Most people know that drug abuse is linked to AIDS. Less understood is why they’re linked. The “high” that people get from drugs may alter their judgment and lead them to take risks they normally would not take—including having unprotected sex.
HIV, or human immunodeficiency virus, attacks the body’s disease-fighting (immune) system. If the virus overwhelms the immune system, you can no longer fight off disease. When this happens, it’s called acquired immune deficiency syndrome, or AIDS. The only sure way to prevent AIDS is to avoid becoming infected with HIV.
A large body of drug abuse research shows that drugs of abuse, including marijuana, cocaine, methamphetamine and “ecstasy,” affect areas of the brain that control decision-making. Engaging in risky behavior puts young people in real danger of becoming infected with HIV.

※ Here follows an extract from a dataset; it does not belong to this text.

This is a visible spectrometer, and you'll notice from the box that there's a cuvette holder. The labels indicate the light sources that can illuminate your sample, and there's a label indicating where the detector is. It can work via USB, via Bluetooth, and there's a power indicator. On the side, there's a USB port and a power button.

“In recent years, the number of young people in the U.S. diagnosed with AIDS rose substantially,” said Dr. Nora Volkow, director of NIH’s National Institute on Drug Abuse (NIDA). “And because drug use encourages risky behaviors that can promote HIV transmission, NIDA views drug abuse treatment as essential HIV prevention.”
Thousands of teenagers now have AIDS, according to the Centers for Disease Control and Prevention. And while in earlier years, most reported adolescent AIDS cases were in males, the number of female AIDS cases is now nearly equal with males. Among women diagnosed in 2004, roughly 7 out of 10 got the disease from having sex with infected male partners.
Minority populations are also at risk for drug abuse and HIV. For example, black and Hispanic women made up only 25% of all U.S. women in 2004, yet they accounted for around 80% of AIDS cases diagnosed in women that year. In fact, African Americans, who make up just 13% of the population, accounted for approximately half of the total AIDS cases diagnosed in 2004.
That’s why NIDA, together with its partners, is working to get teens, women and young adults to understand the link between drug abuse and HIV/AIDS. Learn the link and, if you have teenagers, talk to them about the link.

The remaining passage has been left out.